#### WHAT TO WORK ON
Please copy only the material from the line that has "NEC全新一體化數(shù)字電影機(jī)NC900C" to the very last line, both ends included, exactly as written and without pictures.

[[ DATA TO USE open ]]

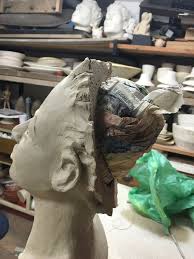 Pin Von Angelika Grieser Martin Auf Haarschnitt Skulpturen Tonfiguren Ton Kunst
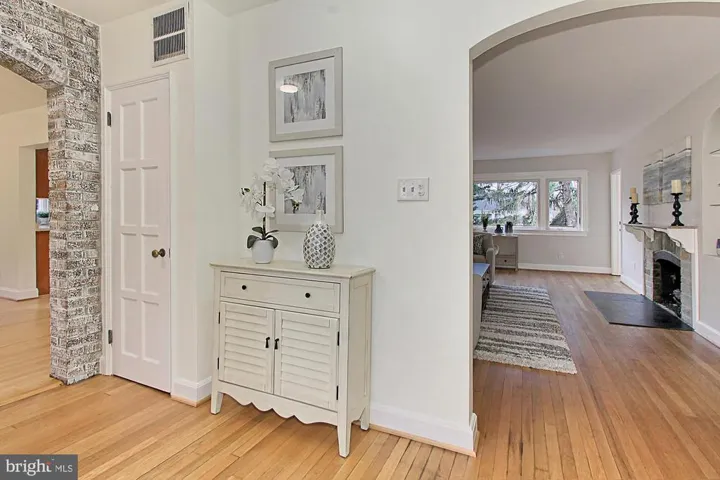 3107 Beechwood Ln, Falls Church, Virginia 22042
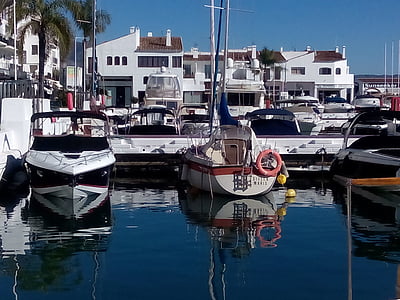 Port, csónakok, Marina, jachtok, Costa del sol, tavaszi
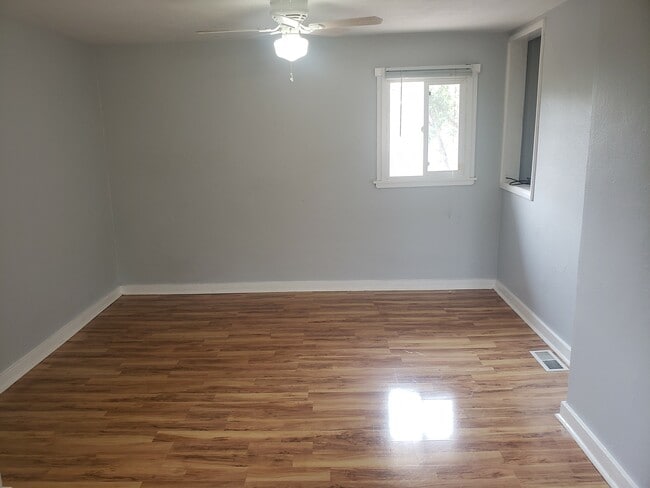 Experience tranquility in this cozy room with modern amenities and natural appeal. - Barnum Park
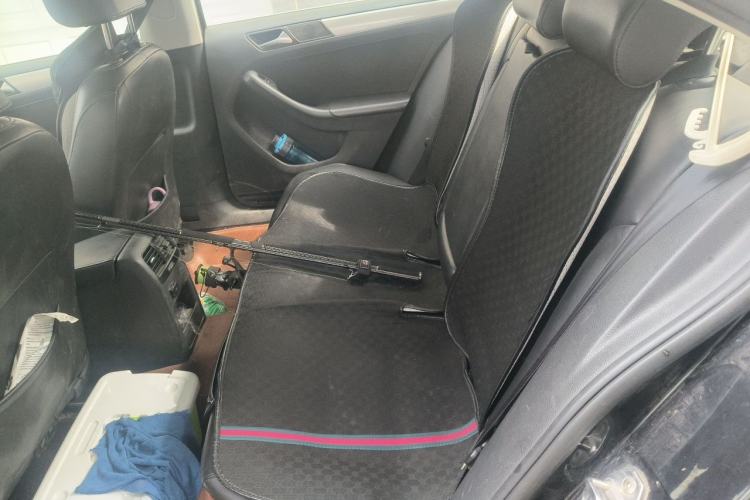 Used Volkswagen Sagitar 2012 1.6L Manual Comfort Model Left Rear Seat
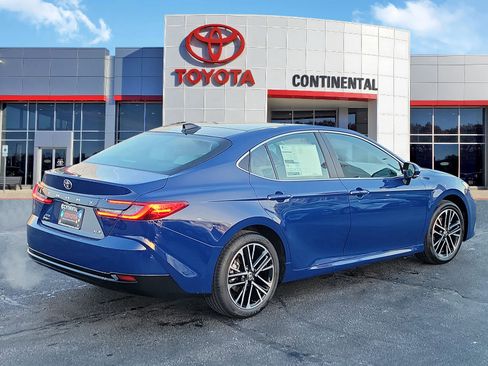 New 2026 Toyota Camry XLE image 5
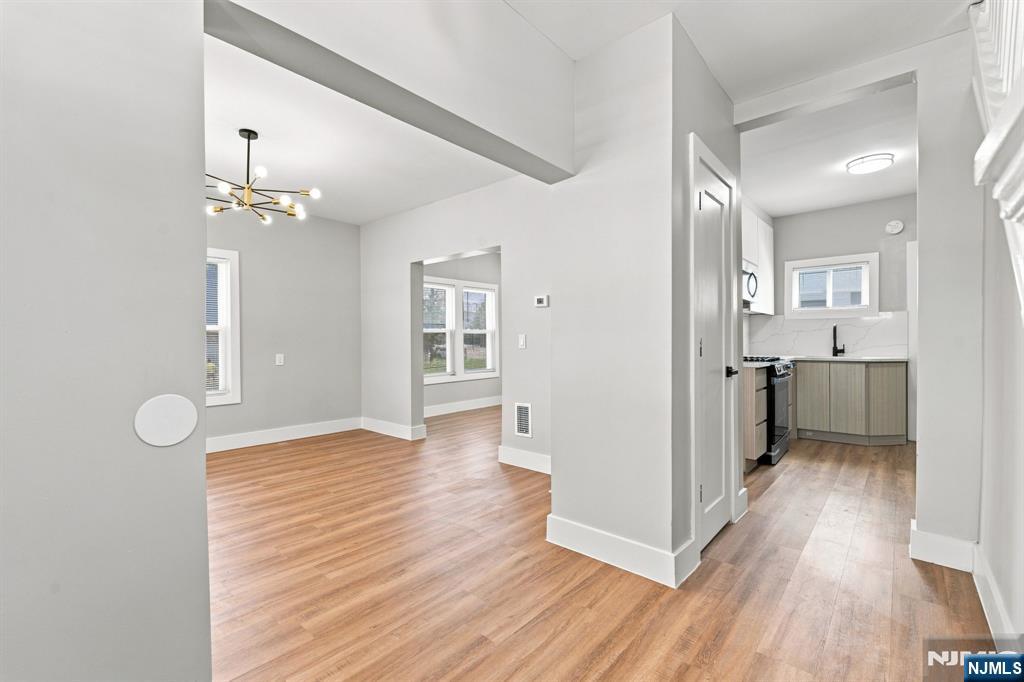 159 Berdan Place - Photo 4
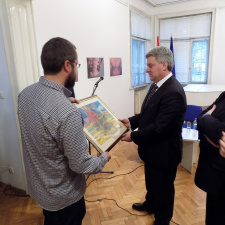 Иво Пецов лично подари своята картина „Пред нов сезон, в промеждутъка“ на македонския президент Георге Иванов (фотография)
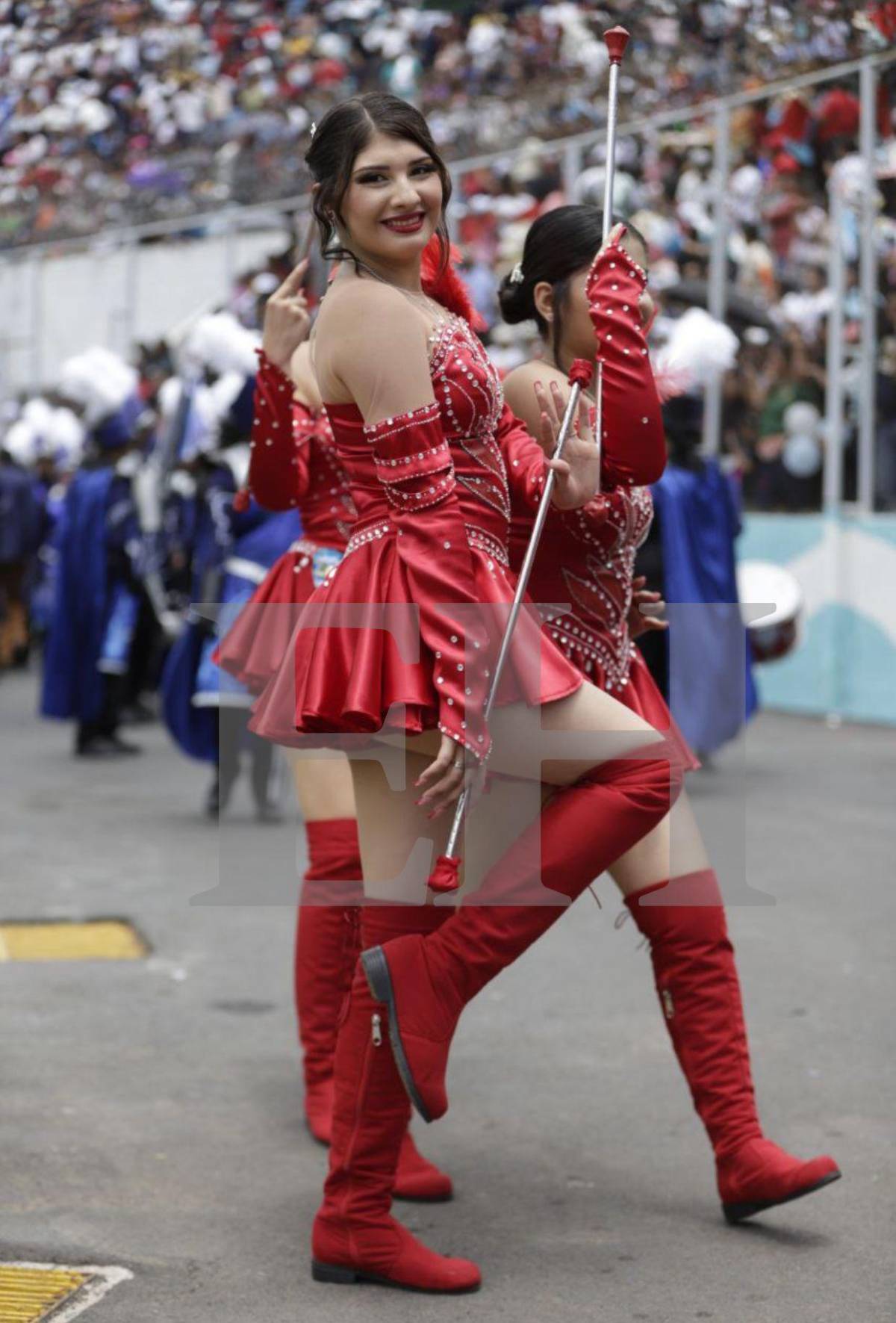 Las palillonas con los rostros más hermosos en los desfiles del 15 de septiembre en Tegucigalpa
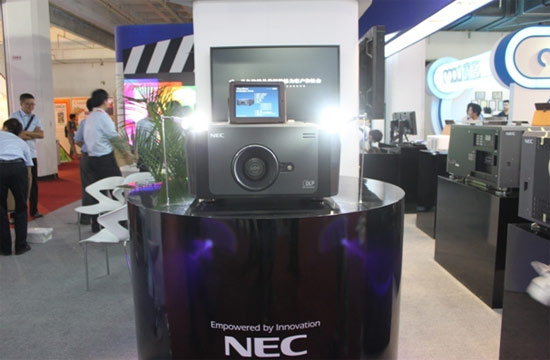 NEC全新一體化數(shù)字電影機(jī)NC900C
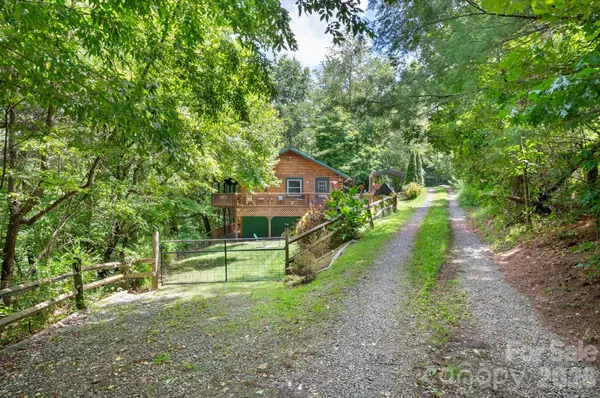 8 Blue Sky DR, Leicester, NC 28748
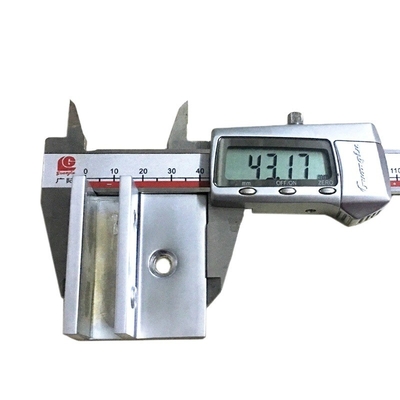 OEM CNC Hardware Parts F-Shaped Glass Panel Clamp with and Stainless Steel Material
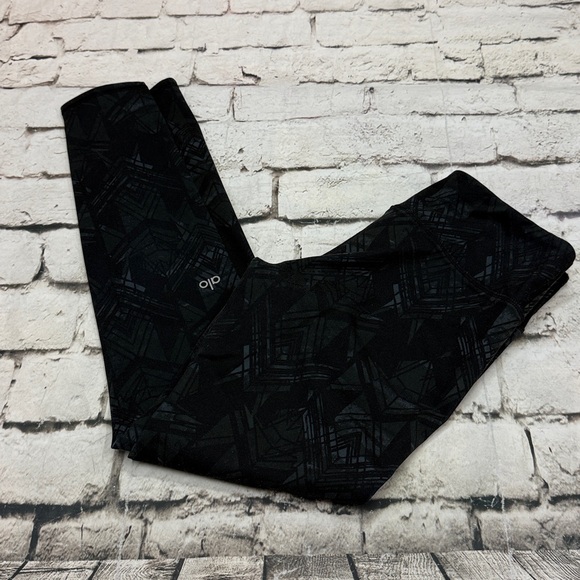 Alo Cropped Leggings Size M - Picture 10 of 10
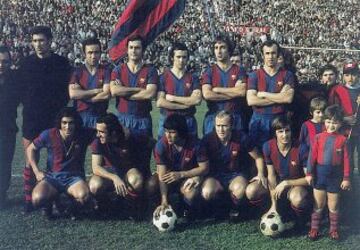 Tras catorce a?os de sequ¨ªa el Barcelona vuelve a ganar la liga en el a?o 1974. De pie: Sadurn¨ª, Rif¨¦, Torres, De la Cruz, Costas y Juan carlos. Agachados:Juanito, Asensi, Sotil, Marcial y Cruyff el d¨ªa que el holand¨¦s debut¨®.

[[ DATA TO USE closed ]]

#### ANSWER BOX
 NEC全新一體化數(shù)字電影機(jī)NC900C
 8 Blue Sky DR, Leicester, NC 28748
 OEM CNC Hardware Parts F-Shaped Glass Panel Clamp with and Stainless Steel Material
 Alo Cropped Leggings Size M - Picture 10 of 10
 Tras catorce a?os de sequ¨ªa el Barcelona vuelve a ganar la liga en el a?o 1974. De pie: Sadurn¨ª, Rif¨¦, Torres, De la Cruz, Costas y Juan carlos. Agachados:Juanito, Asensi, Sotil, Marcial y Cruyff el d¨ªa que el holand¨¦s debut¨®.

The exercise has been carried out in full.